Laurent Pellet, who hails from Lyon, France, is behind the bakery, Maison Alyzee.
He bought the Castro Street space from the owner of seafood restaurant Drunken Lobster, which closed in October. The restaurant added pizza to its menu last year, and the location will continue to serve just pizza until Pellet closes for renovations at the end of the month.
Maison Alyzee will serve traditional French pastries, fresh-baked bread, coffee and lunch items like sandwiches and salads. Pellet is sourcing some ingredients and equipment from France. ("The butter is a no-brainer," he said.) There will also be a small selection of French wines.

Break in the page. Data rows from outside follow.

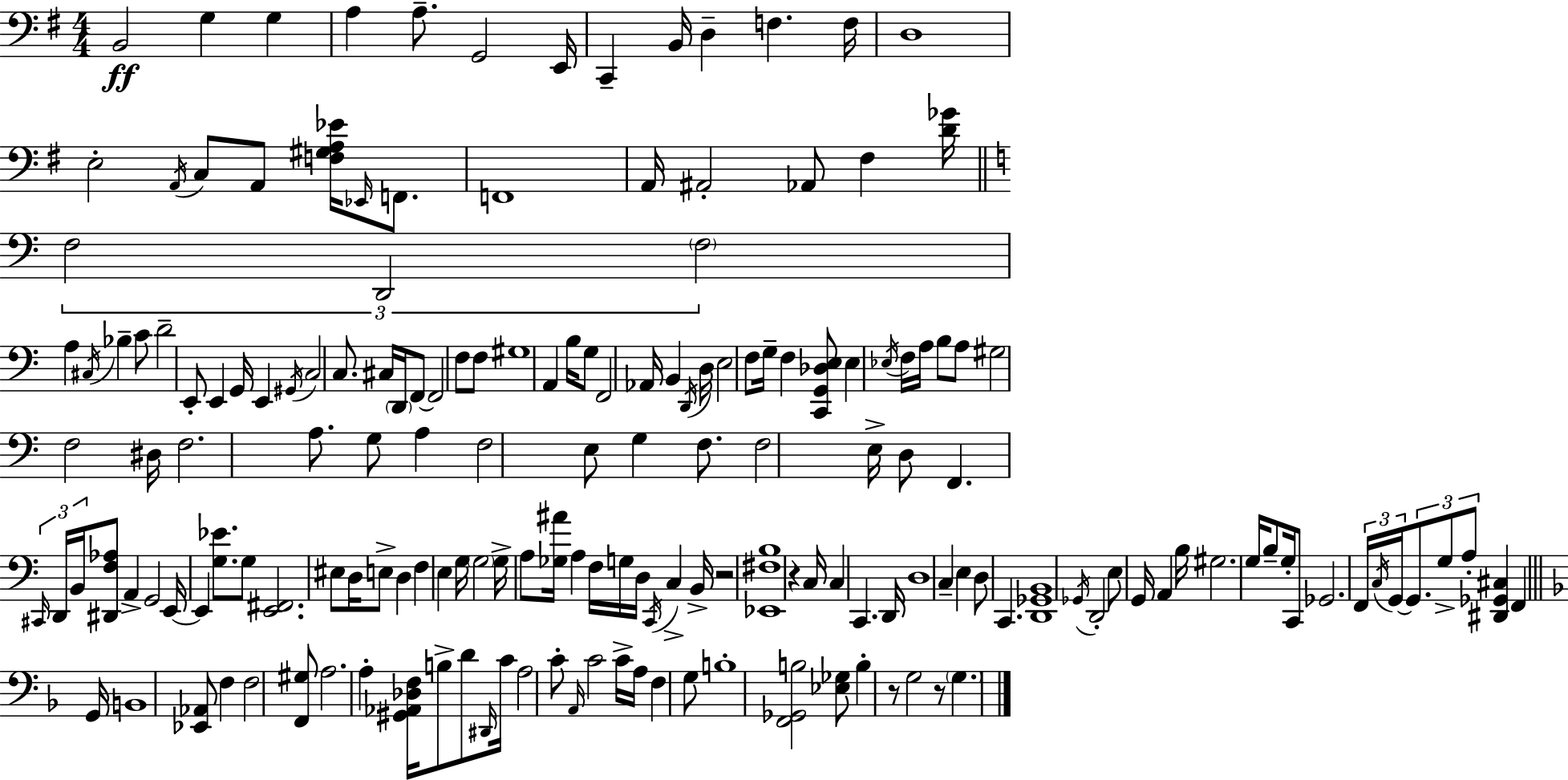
X:1
T:Untitled
M:4/4
L:1/4
K:Em
B,,2 G, G, A, A,/2 G,,2 E,,/4 C,, B,,/4 D, F, F,/4 D,4 E,2 A,,/4 C,/2 A,,/2 [F,^G,A,_E]/4 _E,,/4 F,,/2 F,,4 A,,/4 ^A,,2 _A,,/2 ^F, [D_G]/4 F,2 D,,2 F,2 A, ^C,/4 _B, C/2 D2 E,,/2 E,, G,,/4 E,, ^G,,/4 C,2 C,/2 ^C,/4 D,,/4 F,,/2 F,,2 F,/2 F,/2 ^G,4 A,, B,/4 G,/2 F,,2 _A,,/4 B,, D,,/4 D,/4 E,2 F,/2 G,/4 F, [C,,G,,_D,E,]/2 E, _E,/4 F,/4 A,/4 B,/2 A,/2 ^G,2 F,2 ^D,/4 F,2 A,/2 G,/2 A, F,2 E,/2 G, F,/2 F,2 E,/4 D,/2 F,, ^C,,/4 D,,/4 B,,/4 [^D,,F,_A,]/2 A,, G,,2 E,,/4 E,, [G,_E]/2 G,/2 [E,,^F,,]2 ^E,/2 D,/4 E,/2 D, F, E, G,/4 G,2 G,/4 A,/2 [_G,^A]/4 A, F,/4 G,/4 D,/4 C,,/4 C, B,,/4 z2 [_E,,^F,B,]4 z C,/4 C, C,, D,,/4 D,4 C, E, D,/2 C,, [D,,_G,,B,,]4 _G,,/4 D,,2 E,/2 G,,/4 A,, B,/4 ^G,2 G,/4 B,/2 G,/4 C,,/2 _G,,2 F,,/4 C,/4 G,,/4 G,,/2 G,/2 A,/2 [^D,,_G,,^C,] F,, G,,/4 B,,4 [_E,,_A,,]/2 F, F,2 [F,,^G,]/2 A,2 A, [^G,,_A,,_D,F,]/4 B,/2 D/2 ^D,,/4 C/4 A,2 C/2 A,,/4 C2 C/4 A,/4 F, G,/2 B,4 [F,,_G,,B,]2 [_E,_G,]/2 B, z/2 G,2 z/2 G,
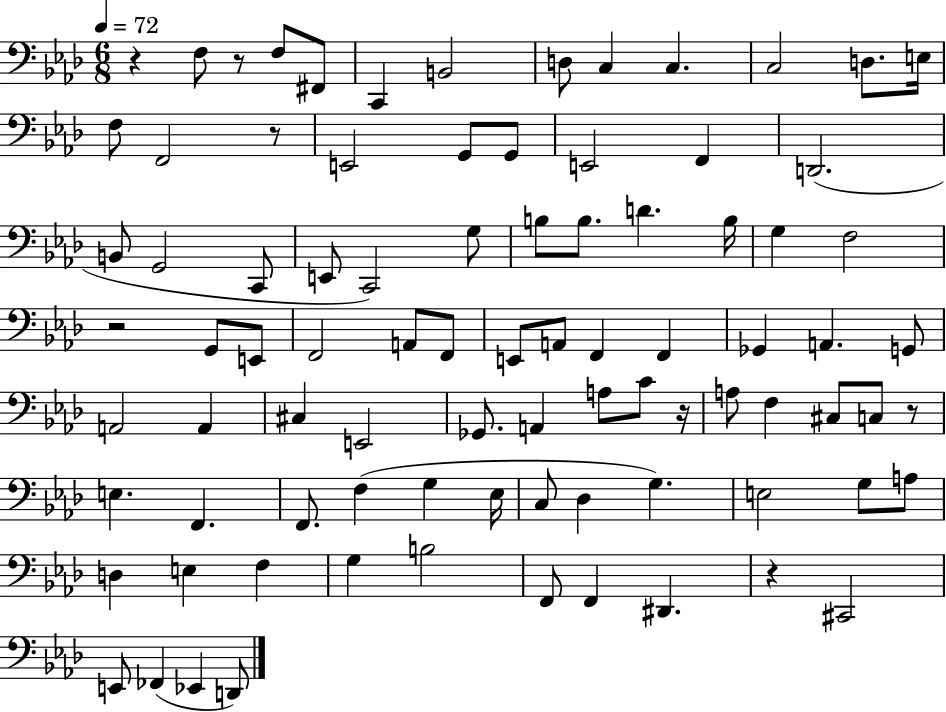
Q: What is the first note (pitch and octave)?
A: F3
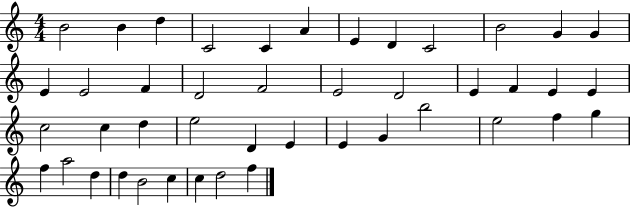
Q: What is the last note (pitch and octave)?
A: F5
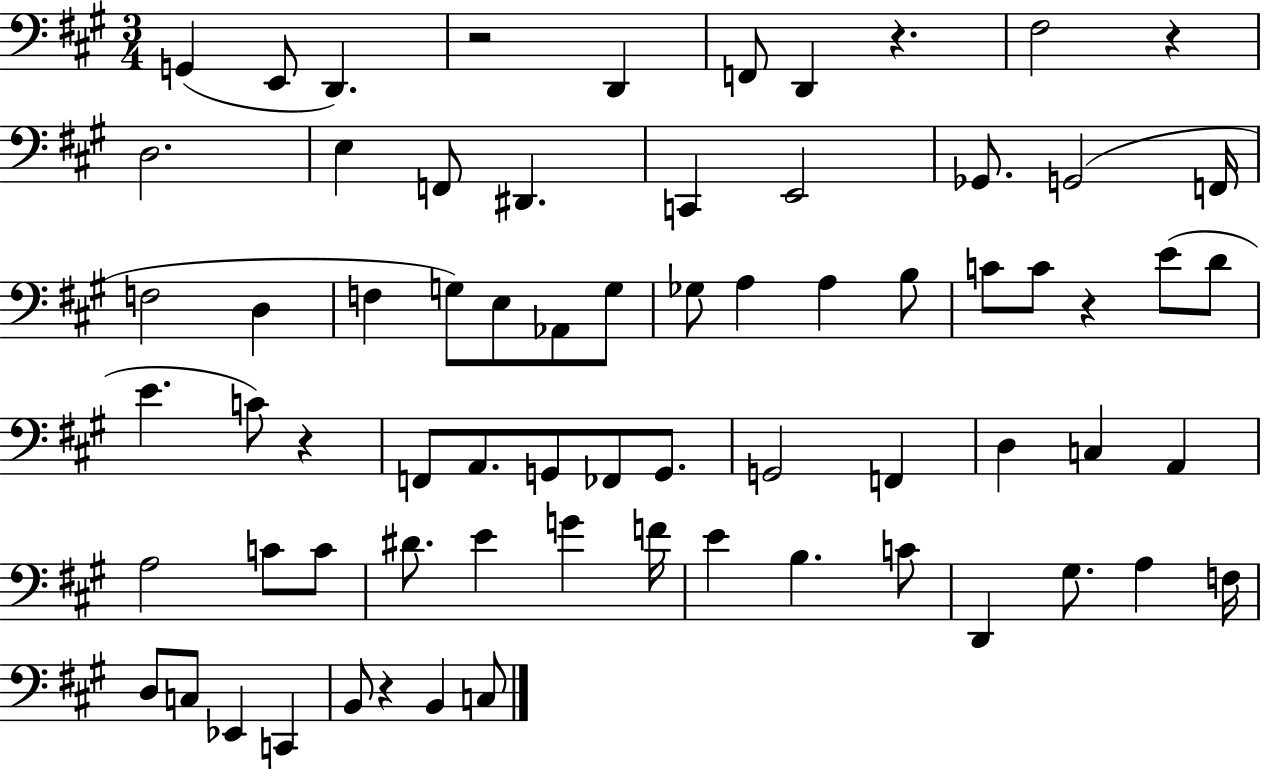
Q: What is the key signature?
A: A major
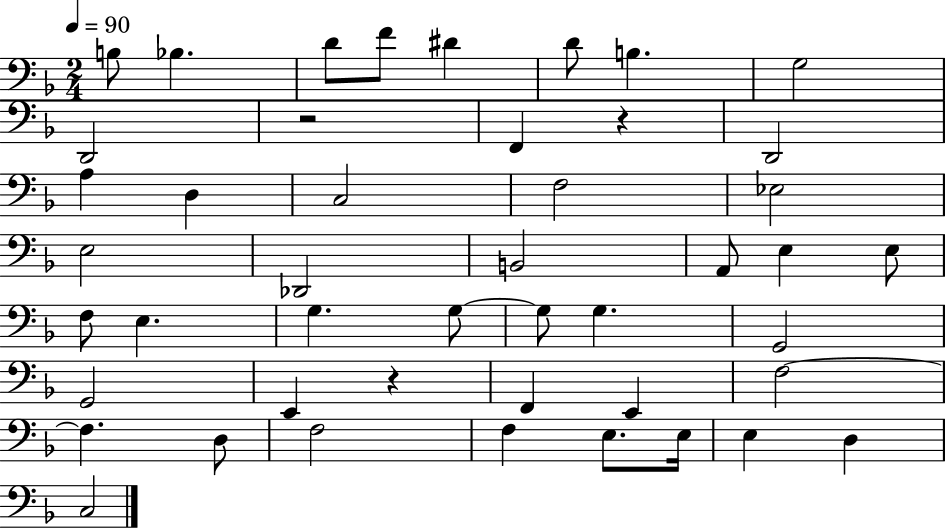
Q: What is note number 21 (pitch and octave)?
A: E3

This is Pellet's first venture in the food industry. The Menlo Park resident moved to the Bay Area from France in 2011 to start an intellectual property licensing company, which he ran for the last six years. He said his interest in baking lies in creating a quality product — not just the baked goods themselves, but the overall experience of the bakery.
"It's not only about the baking; it's about providing a memorable customer experience to the people who come," he said.
Pellet said he's been working on the bakery project for four years. He's convinced three top French pastry chefs to move here to help launch the bakery.
The ultimate goal is to open several Maison Alyzee locations on the Midpeninsula and San Francisco, Pellet said.
Pellet named the bakery for his youngest daughter. He hopes to be open in late January.
There's an increasing number of bakeries on Castro Street, including Alexander's Patisserie, La PanotiQ (both French) and the forthcoming C'est Si Bon.